A verbatim copy of the line containing "Extreme Dog Fence Pro Grade Electronic Dog Fence System 12" and all lines after it, up to and including the final line of the records, is the only acceptable output.

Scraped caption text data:
____________________
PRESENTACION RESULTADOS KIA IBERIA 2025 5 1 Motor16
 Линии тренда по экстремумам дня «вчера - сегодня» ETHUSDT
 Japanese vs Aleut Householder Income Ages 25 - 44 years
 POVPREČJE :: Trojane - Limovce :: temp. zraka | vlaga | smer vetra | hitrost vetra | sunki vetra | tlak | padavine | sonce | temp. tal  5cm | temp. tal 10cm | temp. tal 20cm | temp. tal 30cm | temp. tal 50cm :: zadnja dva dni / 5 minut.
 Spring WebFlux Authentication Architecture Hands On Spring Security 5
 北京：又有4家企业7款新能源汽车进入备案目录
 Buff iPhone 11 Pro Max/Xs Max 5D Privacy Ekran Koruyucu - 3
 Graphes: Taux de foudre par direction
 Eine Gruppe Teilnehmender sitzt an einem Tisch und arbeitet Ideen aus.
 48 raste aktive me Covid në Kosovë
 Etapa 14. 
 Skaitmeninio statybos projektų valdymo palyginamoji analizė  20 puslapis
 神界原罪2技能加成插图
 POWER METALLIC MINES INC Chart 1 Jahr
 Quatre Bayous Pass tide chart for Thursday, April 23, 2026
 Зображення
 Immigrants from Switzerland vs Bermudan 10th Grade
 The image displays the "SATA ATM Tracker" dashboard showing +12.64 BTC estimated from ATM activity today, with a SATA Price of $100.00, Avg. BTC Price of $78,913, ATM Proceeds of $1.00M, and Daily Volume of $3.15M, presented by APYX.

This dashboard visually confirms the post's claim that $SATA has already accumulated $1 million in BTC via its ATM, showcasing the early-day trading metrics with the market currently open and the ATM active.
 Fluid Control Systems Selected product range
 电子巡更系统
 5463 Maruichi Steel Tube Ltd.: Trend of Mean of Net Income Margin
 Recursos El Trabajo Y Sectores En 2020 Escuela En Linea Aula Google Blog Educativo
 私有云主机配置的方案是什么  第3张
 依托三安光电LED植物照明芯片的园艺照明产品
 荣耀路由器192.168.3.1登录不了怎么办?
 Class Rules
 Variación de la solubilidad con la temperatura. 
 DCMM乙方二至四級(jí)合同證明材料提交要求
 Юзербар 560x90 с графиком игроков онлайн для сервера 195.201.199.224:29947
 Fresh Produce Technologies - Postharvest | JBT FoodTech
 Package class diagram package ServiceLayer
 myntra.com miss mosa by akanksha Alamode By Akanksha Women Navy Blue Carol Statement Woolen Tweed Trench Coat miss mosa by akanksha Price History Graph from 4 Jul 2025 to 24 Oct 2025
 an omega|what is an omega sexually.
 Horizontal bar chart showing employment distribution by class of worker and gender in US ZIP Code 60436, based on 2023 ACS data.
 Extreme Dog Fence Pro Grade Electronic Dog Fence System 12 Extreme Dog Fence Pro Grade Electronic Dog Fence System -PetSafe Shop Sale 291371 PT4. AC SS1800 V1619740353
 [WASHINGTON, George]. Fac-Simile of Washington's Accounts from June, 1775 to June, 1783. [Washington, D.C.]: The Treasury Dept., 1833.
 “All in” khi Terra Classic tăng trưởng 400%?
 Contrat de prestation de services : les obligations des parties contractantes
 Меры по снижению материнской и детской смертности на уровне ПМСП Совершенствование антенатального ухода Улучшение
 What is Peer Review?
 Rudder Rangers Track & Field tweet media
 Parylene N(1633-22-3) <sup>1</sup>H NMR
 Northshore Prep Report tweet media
____________________
▶ **ANSWER TO THE EXERCISE**
 Extreme Dog Fence Pro Grade Electronic Dog Fence System 12 Extreme Dog Fence Pro Grade Electronic Dog Fence System -PetSafe Shop Sale 291371 PT4. AC SS1800 V1619740353
 [WASHINGTON, George]. Fac-Simile of Washington's Accounts from June, 1775 to June, 1783. [Washington, D.C.]: The Treasury Dept., 1833.
 “All in” khi Terra Classic tăng trưởng 400%?
 Contrat de prestation de services : les obligations des parties contractantes
 Меры по снижению материнской и детской смертности на уровне ПМСП Совершенствование антенатального ухода Улучшение
 What is Peer Review?
 Rudder Rangers Track & Field tweet media
 Parylene N(1633-22-3) <sup>1</sup>H NMR
 Northshore Prep Report tweet media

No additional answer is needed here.